• **Work instructions**
Exactly as written, repeat all of the records below.

******************************

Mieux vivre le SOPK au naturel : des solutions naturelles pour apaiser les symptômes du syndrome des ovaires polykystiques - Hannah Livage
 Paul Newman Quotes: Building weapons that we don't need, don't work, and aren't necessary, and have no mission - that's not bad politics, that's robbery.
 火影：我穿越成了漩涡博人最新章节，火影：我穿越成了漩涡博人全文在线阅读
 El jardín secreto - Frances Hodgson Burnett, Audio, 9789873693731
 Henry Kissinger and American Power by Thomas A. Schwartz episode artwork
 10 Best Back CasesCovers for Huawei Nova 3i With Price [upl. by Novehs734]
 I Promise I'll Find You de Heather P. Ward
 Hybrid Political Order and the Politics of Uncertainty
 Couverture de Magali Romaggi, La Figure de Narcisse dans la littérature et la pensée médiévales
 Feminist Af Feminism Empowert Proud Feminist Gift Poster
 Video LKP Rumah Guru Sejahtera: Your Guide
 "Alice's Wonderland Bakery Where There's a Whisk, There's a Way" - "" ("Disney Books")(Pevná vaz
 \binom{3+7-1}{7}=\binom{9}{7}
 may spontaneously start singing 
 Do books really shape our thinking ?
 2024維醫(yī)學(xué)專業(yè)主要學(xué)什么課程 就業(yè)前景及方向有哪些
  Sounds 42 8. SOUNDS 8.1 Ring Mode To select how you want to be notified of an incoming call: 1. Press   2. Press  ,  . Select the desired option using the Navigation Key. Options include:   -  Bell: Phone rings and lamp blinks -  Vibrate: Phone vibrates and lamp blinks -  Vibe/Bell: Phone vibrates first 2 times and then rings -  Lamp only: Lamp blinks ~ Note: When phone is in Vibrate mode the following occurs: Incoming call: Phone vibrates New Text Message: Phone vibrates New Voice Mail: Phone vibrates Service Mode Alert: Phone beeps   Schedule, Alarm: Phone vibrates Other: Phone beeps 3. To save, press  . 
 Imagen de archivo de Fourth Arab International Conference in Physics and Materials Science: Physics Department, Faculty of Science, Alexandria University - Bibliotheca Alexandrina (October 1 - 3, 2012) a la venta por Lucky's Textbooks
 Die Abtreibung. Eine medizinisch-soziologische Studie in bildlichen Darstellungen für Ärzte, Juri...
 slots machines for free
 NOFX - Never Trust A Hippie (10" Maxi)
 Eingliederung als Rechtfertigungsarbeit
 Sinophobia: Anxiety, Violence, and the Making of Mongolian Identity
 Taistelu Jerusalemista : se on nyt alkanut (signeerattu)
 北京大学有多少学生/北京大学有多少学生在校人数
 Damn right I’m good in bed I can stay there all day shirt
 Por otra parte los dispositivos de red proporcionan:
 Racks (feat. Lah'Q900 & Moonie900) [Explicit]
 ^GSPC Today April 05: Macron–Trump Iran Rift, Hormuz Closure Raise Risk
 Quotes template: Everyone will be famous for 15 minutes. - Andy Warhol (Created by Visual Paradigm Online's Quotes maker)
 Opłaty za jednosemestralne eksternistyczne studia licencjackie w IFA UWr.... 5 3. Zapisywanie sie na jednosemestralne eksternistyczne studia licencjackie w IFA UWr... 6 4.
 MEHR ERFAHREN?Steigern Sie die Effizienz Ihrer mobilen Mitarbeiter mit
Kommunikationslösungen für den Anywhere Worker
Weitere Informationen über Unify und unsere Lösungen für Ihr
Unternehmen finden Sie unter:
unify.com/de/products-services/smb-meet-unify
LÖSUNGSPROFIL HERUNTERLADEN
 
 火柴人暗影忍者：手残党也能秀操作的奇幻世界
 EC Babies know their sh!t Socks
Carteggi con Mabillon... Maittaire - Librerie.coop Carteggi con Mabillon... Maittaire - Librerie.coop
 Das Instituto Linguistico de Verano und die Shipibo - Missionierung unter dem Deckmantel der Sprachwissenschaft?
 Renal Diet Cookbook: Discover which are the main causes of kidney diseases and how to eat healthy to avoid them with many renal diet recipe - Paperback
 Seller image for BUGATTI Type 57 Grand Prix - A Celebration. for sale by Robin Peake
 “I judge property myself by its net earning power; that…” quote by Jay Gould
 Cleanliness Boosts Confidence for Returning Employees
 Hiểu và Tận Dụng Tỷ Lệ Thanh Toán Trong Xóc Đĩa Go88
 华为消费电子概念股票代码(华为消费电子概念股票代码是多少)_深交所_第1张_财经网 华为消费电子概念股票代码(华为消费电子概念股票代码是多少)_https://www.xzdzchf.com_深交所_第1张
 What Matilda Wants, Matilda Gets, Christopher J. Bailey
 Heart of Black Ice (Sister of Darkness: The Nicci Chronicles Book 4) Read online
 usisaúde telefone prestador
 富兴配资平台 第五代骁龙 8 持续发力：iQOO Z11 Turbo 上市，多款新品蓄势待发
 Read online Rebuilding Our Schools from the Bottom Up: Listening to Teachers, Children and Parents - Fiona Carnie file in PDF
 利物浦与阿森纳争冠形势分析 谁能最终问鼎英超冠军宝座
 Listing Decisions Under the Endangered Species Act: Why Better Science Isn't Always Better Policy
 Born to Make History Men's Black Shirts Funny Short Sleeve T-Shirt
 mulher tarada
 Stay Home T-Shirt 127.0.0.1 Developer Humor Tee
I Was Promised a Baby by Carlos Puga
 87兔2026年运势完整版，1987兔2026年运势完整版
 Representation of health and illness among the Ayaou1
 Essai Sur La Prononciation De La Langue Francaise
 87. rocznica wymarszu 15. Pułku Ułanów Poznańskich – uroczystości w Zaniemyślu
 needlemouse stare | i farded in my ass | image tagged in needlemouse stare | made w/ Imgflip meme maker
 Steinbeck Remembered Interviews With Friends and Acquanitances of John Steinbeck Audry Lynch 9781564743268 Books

******************************

• **Response to this exercise**
Mieux vivre le SOPK au naturel : des solutions naturelles pour apaiser les symptômes du syndrome des ovaires polykystiques - Hannah Livage
 Paul Newman Quotes: Building weapons that we don't need, don't work, and aren't necessary, and have no mission - that's not bad politics, that's robbery.
 火影：我穿越成了漩涡博人最新章节，火影：我穿越成了漩涡博人全文在线阅读
 El jardín secreto - Frances Hodgson Burnett, Audio, 9789873693731
 Henry Kissinger and American Power by Thomas A. Schwartz episode artwork
 10 Best Back CasesCovers for Huawei Nova 3i With Price [upl. by Novehs734]
 I Promise I'll Find You de Heather P. Ward
 Hybrid Political Order and the Politics of Uncertainty
 Couverture de Magali Romaggi, La Figure de Narcisse dans la littérature et la pensée médiévales
 Feminist Af Feminism Empowert Proud Feminist Gift Poster
 Video LKP Rumah Guru Sejahtera: Your Guide
 "Alice's Wonderland Bakery Where There's a Whisk, There's a Way" - "" ("Disney Books")(Pevná vaz
 \binom{3+7-1}{7}=\binom{9}{7}
 may spontaneously start singing 
 Do books really shape our thinking ?
 2024維醫(yī)學(xué)專業(yè)主要學(xué)什么課程 就業(yè)前景及方向有哪些
  Sounds 42 8. SOUNDS 8.1 Ring Mode To select how you want to be notified of an incoming call: 1. Press   2. Press  ,  . Select the desired option using the Navigation Key. Options include:   -  Bell: Phone rings and lamp blinks -  Vibrate: Phone vibrates and lamp blinks -  Vibe/Bell: Phone vibrates first 2 times and then rings -  Lamp only: Lamp blinks ~ Note: When phone is in Vibrate mode the following occurs: Incoming call: Phone vibrates New Text Message: Phone vibrates New Voice Mail: Phone vibrates Service Mode Alert: Phone beeps   Schedule, Alarm: Phone vibrates Other: Phone beeps 3. To save, press  . 
 Imagen de archivo de Fourth Arab International Conference in Physics and Materials Science: Physics Department, Faculty of Science, Alexandria University - Bibliotheca Alexandrina (October 1 - 3, 2012) a la venta por Lucky's Textbooks
 Die Abtreibung. Eine medizinisch-soziologische Studie in bildlichen Darstellungen für Ärzte, Juri...
 slots machines for free
 NOFX - Never Trust A Hippie (10" Maxi)
 Eingliederung als Rechtfertigungsarbeit
 Sinophobia: Anxiety, Violence, and the Making of Mongolian Identity
 Taistelu Jerusalemista : se on nyt alkanut (signeerattu)
 北京大学有多少学生/北京大学有多少学生在校人数
 Damn right I’m good in bed I can stay there all day shirt
 Por otra parte los dispositivos de red proporcionan:
 Racks (feat. Lah'Q900 & Moonie900) [Explicit]
 ^GSPC Today April 05: Macron–Trump Iran Rift, Hormuz Closure Raise Risk
 Quotes template: Everyone will be famous for 15 minutes. - Andy Warhol (Created by Visual Paradigm Online's Quotes maker)
 Opłaty za jednosemestralne eksternistyczne studia licencjackie w IFA UWr.... 5 3. Zapisywanie sie na jednosemestralne eksternistyczne studia licencjackie w IFA UWr... 6 4.
 MEHR ERFAHREN?Steigern Sie die Effizienz Ihrer mobilen Mitarbeiter mit
Kommunikationslösungen für den Anywhere Worker
Weitere Informationen über Unify und unsere Lösungen für Ihr
Unternehmen finden Sie unter:
unify.com/de/products-services/smb-meet-unify
LÖSUNGSPROFIL HERUNTERLADEN
 
 火柴人暗影忍者：手残党也能秀操作的奇幻世界
 EC Babies know their sh!t Socks
Carteggi con Mabillon... Maittaire - Librerie.coop Carteggi con Mabillon... Maittaire - Librerie.coop
 Das Instituto Linguistico de Verano und die Shipibo - Missionierung unter dem Deckmantel der Sprachwissenschaft?
 Renal Diet Cookbook: Discover which are the main causes of kidney diseases and how to eat healthy to avoid them with many renal diet recipe - Paperback
 Seller image for BUGATTI Type 57 Grand Prix - A Celebration. for sale by Robin Peake
 “I judge property myself by its net earning power; that…” quote by Jay Gould
 Cleanliness Boosts Confidence for Returning Employees
 Hiểu và Tận Dụng Tỷ Lệ Thanh Toán Trong Xóc Đĩa Go88
 华为消费电子概念股票代码(华为消费电子概念股票代码是多少)_深交所_第1张_财经网 华为消费电子概念股票代码(华为消费电子概念股票代码是多少)_https://www.xzdzchf.com_深交所_第1张
 What Matilda Wants, Matilda Gets, Christopher J. Bailey
 Heart of Black Ice (Sister of Darkness: The Nicci Chronicles Book 4) Read online
 usisaúde telefone prestador
 富兴配资平台 第五代骁龙 8 持续发力：iQOO Z11 Turbo 上市，多款新品蓄势待发
 Read online Rebuilding Our Schools from the Bottom Up: Listening to Teachers, Children and Parents - Fiona Carnie file in PDF
 利物浦与阿森纳争冠形势分析 谁能最终问鼎英超冠军宝座
 Listing Decisions Under the Endangered Species Act: Why Better Science Isn't Always Better Policy
 Born to Make History Men's Black Shirts Funny Short Sleeve T-Shirt
 mulher tarada
 Stay Home T-Shirt 127.0.0.1 Developer Humor Tee
I Was Promised a Baby by Carlos Puga
 87兔2026年运势完整版，1987兔2026年运势完整版
 Representation of health and illness among the Ayaou1
 Essai Sur La Prononciation De La Langue Francaise
 87. rocznica wymarszu 15. Pułku Ułanów Poznańskich – uroczystości w Zaniemyślu
 needlemouse stare | i farded in my ass | image tagged in needlemouse stare | made w/ Imgflip meme maker
 Steinbeck Remembered Interviews With Friends and Acquanitances of John Steinbeck Audry Lynch 9781564743268 Books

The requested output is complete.